*TRY IT:* Would you repeat each line below exactly, without the pictures?

*GIVEN MATERIAL:*

=-=-=

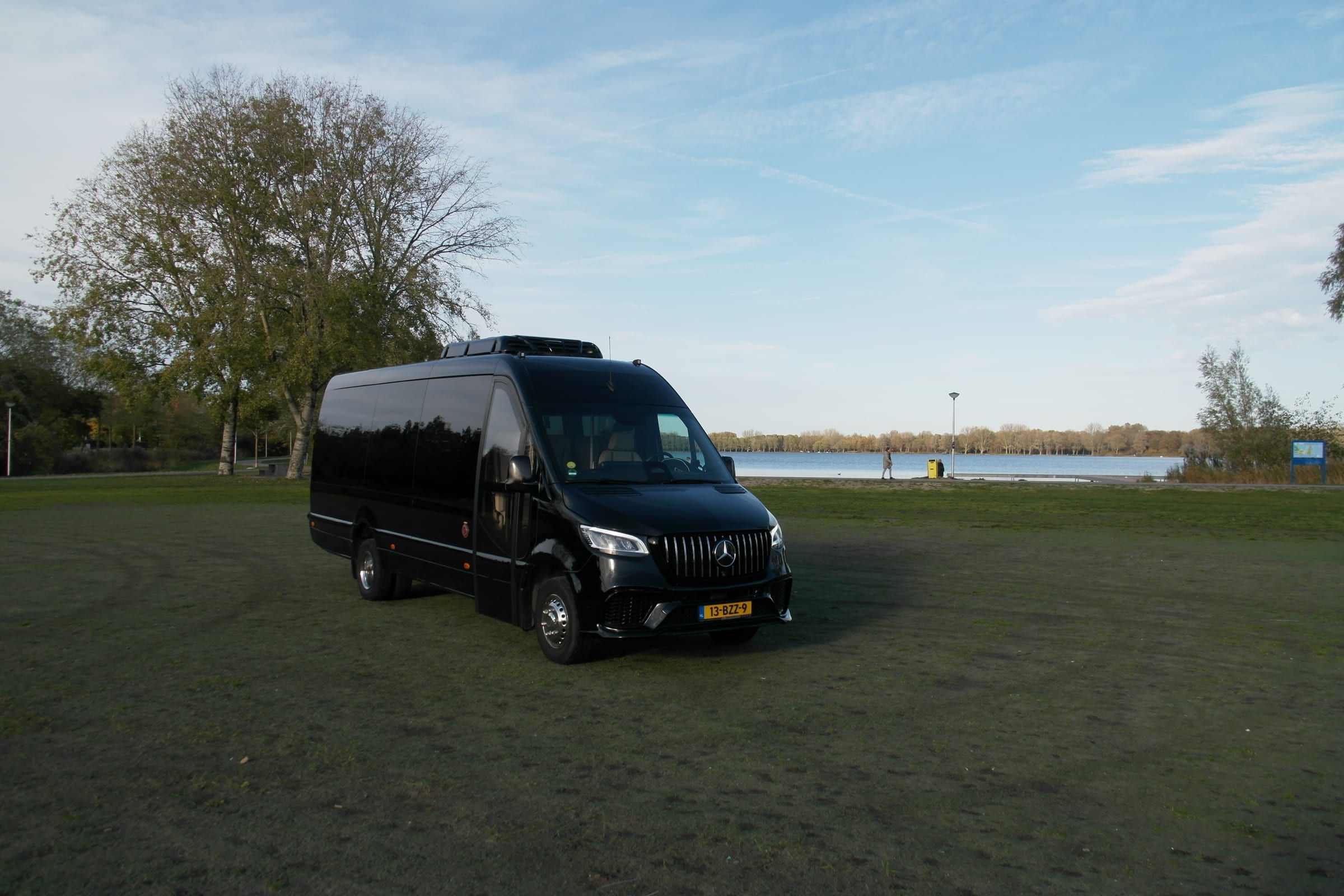 Minibus van MRTours met chauffeur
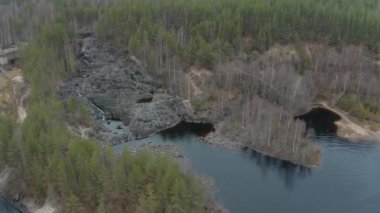 Karelia 'daki hareketsiz volkan Girvas' ın hava görüntüsü..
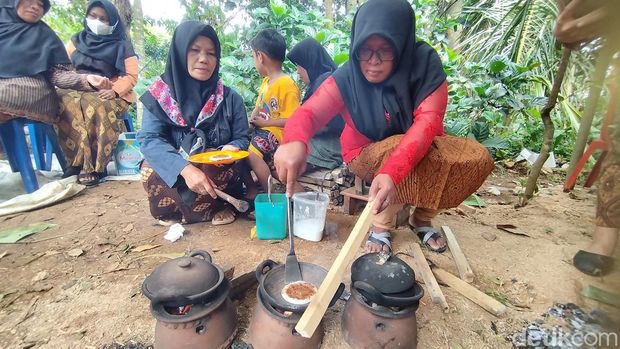Suasana Tradisi Cetingan dan Festival Seribu Serabi Klasik di Ambarawa, Kabupaten Semarang, Jumat (3/3/2023).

=-=-=

*ANSWER BOX:*
 Minibus van MRTours met chauffeur
 Karelia 'daki hareketsiz volkan Girvas' ın hava görüntüsü..
Suasana Tradisi Cetingan dan Festival Seribu Serabi Klasik di Ambarawa, Kabupaten Semarang, Jumat (3/3/2023).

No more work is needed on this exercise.